- **Brief descriptive captions**:

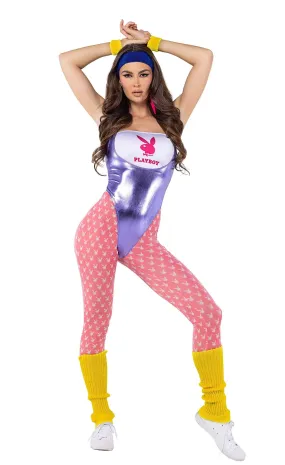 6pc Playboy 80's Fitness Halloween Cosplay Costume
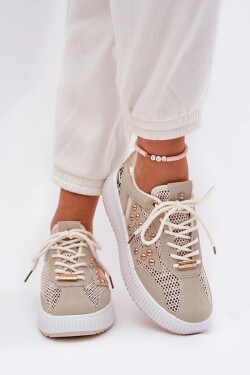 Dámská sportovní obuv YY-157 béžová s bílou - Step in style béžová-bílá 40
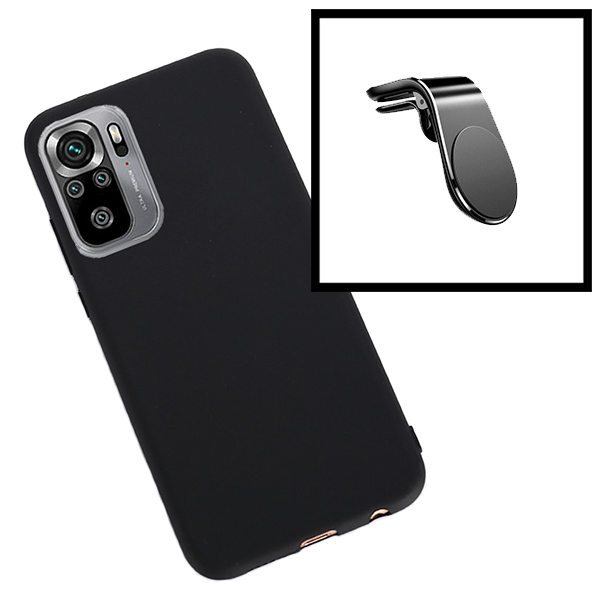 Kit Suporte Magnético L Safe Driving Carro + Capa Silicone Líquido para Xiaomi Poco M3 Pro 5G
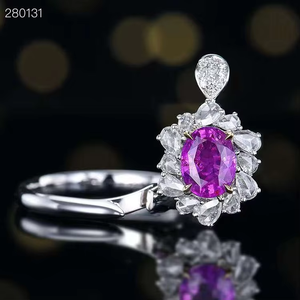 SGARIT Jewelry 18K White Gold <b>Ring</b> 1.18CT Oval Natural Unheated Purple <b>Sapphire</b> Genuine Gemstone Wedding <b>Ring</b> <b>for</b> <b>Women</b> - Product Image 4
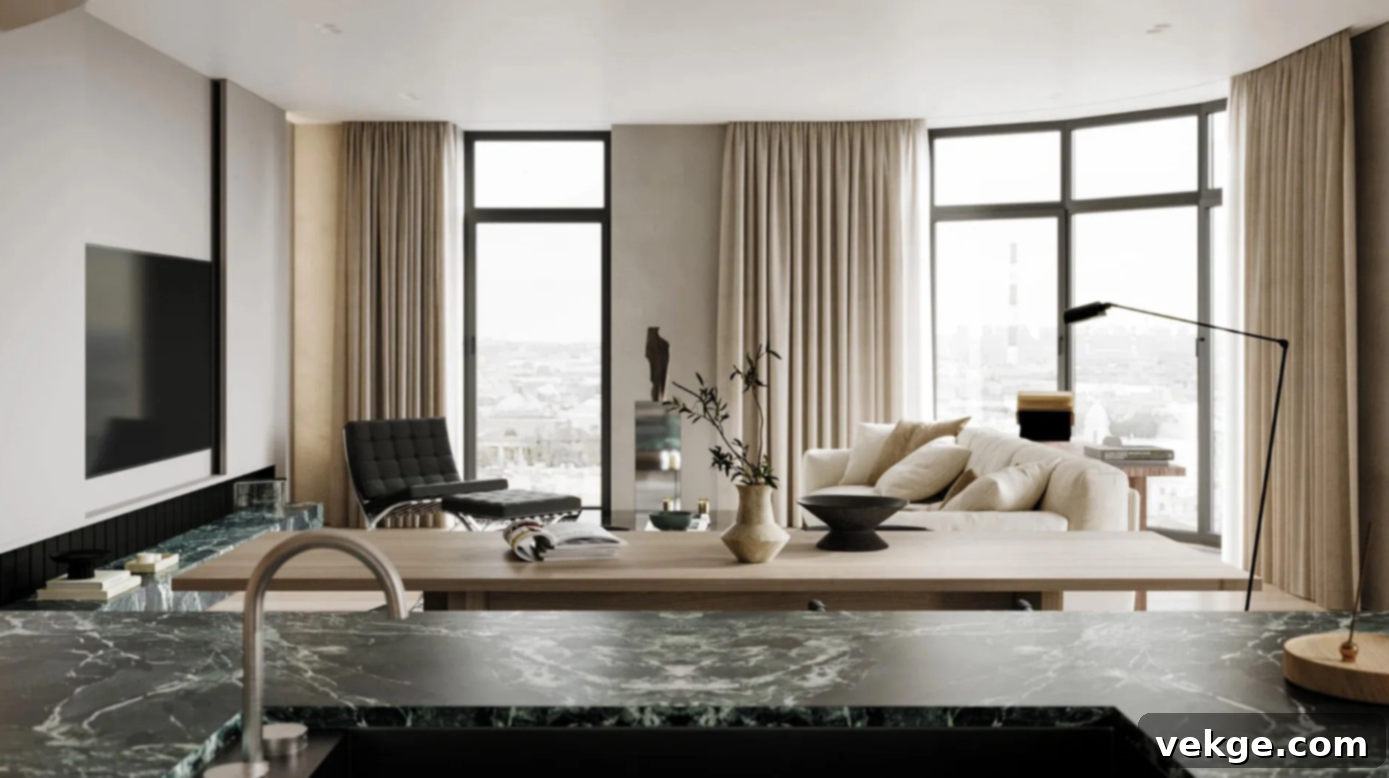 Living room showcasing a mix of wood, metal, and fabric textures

- **What needs to be done**: Output only these lines, word for word: the line containing "Kit Suporte Magnético" and every line after it through the last line of the data. Omit the pictures.

- **Answer section**:
 Kit Suporte Magnético L Safe Driving Carro + Capa Silicone Líquido para Xiaomi Poco M3 Pro 5G
 SGARIT Jewelry 18K White Gold <b>Ring</b> 1.18CT Oval Natural Unheated Purple <b>Sapphire</b> Genuine Gemstone Wedding <b>Ring</b> <b>for</b> <b>Women</b> - Product Image 4
 Living room showcasing a mix of wood, metal, and fabric textures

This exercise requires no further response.